When she stopped abruptly and her brother asked rather impatiently, “What’s your objection, Carol?”

“No real objection,” his sister said. “Only—don’t let them all exploit Juliet, even if they are in a bad way, will you?”

“No one is going to exploit Juliet while I’m around,” Max replied dryly.

And Juliet wondered why on earth it thrilled her so much to have him say that.

An anxious examination of the newspapers disclosed little more than the essentials, which Henry had told them. Juliet gathered that her uncle was the chairman of the Investment Company concerned, and when she read how far-reaching the disaster was, she felt that there was no wonder that her uncle had looked harassed and at the end of his tether when she saw him in Sydney.

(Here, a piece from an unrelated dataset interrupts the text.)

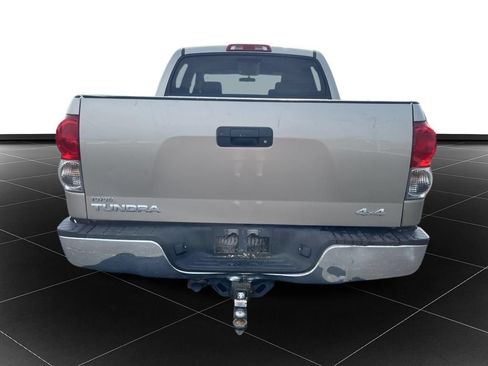 Used 2008 Toyota Tundra 4x4 CrewMax w/ Tow Pkg image 4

It was hard to visualize just what this would mean to her relations. One could not imagine Aunt Katherine—or Verity, either, for that matter—without plenty of money in the background of their lives.

“Just how complete do you imagine their financial ruin must be?” she asked Max anxiously.

“I couldn’t say, my dear. But I’m afraid there isn’t often much salvaged from a crash of this sort.”

“How lucky for Verity—” began Carol. But a look from her brother made her lapse into rather shamed silence.

Afterward, however, she said a little defiantly to Juliet, “I don’t care how haughty Max chooses to look about it. I think Verity is darned lucky to be more or less engaged to him.”

“Perhaps,” Juliet offered hopefully, “the other man will feel protective and want to come to the rescue.”

“Not he!” Carol declared. “He isn’t that sort at all, if I’ve read him aright. No—” she sighed deeply “—I’m afraid Max’s fate is sealed.”

“Oh, Carol! Don’t put it like that.”

“I know I shouldn’t,” Carol admitted. “But I don’t think she is the right girl for him. And now he’ll never escape, because nothing would induce Max to let down someone who was in her position.”

“I suppose you’re right,” Juliet agreed. And for a moment she looked nearly as gloomy as Carol.

Max Ormathon’s matrimonial affairs were really no great concern of hers, of course. But the thought of his marrying Verity had suddenly become indescribably unwelcome to her.

Although they made a start soon after six the next morning, Carol insisted on being up and seeing to it that they had a good breakfast. Juliet had said goodbye to the children the night before and had found considerable consolation in their assumption that she would, of course, be coming back fairly soon.

Saying goodbye to Carol, however, proved much more of a wrench than she would have believed possible with someone she had known for less than two weeks.